An Introduction to postCP

Malith Jayaweera

2016-08-19

This vignette documents the mechanism provided in postCP 2.0. The document will first explain the theoretical basis and it will move on to explain the usage of the package.

change-point problem

The postCP Package is based on the change point model \[ \boldsymbol y[I_k] \sim \boldsymbol X[I_k] \times \boldsymbol \beta^k \] where \(\textbf{y} \in \mathbb{R} ^{n\times d}\) is the response variable and \(\textbf{X} \in \mathbb{R}^{n\times p}\) is the covariate matrix. The response variable is generated with \(K>1\) segments according to any Generalized Linear Model (ex: Gaussian or binomial regressions).

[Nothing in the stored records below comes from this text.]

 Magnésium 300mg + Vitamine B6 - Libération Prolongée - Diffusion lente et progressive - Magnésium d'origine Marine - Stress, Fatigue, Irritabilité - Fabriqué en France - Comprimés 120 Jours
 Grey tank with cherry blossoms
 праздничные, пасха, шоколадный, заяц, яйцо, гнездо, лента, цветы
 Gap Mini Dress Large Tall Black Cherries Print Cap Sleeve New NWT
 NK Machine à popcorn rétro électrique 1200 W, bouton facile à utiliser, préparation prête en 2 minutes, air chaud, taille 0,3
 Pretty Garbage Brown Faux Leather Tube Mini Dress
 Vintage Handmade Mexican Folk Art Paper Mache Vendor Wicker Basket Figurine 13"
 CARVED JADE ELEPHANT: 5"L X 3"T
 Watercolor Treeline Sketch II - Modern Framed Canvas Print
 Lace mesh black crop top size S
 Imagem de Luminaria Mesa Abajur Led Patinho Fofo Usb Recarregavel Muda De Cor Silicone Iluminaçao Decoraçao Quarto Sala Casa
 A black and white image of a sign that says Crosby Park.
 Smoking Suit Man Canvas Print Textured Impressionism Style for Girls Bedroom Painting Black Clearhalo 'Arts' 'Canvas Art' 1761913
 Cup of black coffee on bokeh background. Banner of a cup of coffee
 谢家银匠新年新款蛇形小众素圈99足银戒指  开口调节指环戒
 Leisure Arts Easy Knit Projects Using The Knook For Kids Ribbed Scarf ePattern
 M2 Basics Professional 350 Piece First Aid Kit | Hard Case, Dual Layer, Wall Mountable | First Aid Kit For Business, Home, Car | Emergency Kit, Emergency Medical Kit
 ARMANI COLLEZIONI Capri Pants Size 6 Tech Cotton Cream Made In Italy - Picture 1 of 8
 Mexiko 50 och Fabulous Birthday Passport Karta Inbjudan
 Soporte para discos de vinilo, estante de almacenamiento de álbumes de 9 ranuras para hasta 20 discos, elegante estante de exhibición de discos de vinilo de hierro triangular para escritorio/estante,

\(I_k = [cp_{k−1} + 1, cp_k ]\) is the index of the individuals of the k th segment, and with the convention that \(cp_0 = 0\) and that \(cp_K = n\)

Posterior change-point distribution

For a given parameter \(\boldsymbol \theta\), our objective is to compute the posterior change-point distribution: \[ \mathbb{P}(\textbf{cp} | \boldsymbol y,\boldsymbol X ; \boldsymbol \theta) \] or, equivalently, the posterior segmentation distribution: \[ \mathbb{P}(\boldsymbol S | \boldsymbol y,\boldsymbol X ; \boldsymbol \theta) \]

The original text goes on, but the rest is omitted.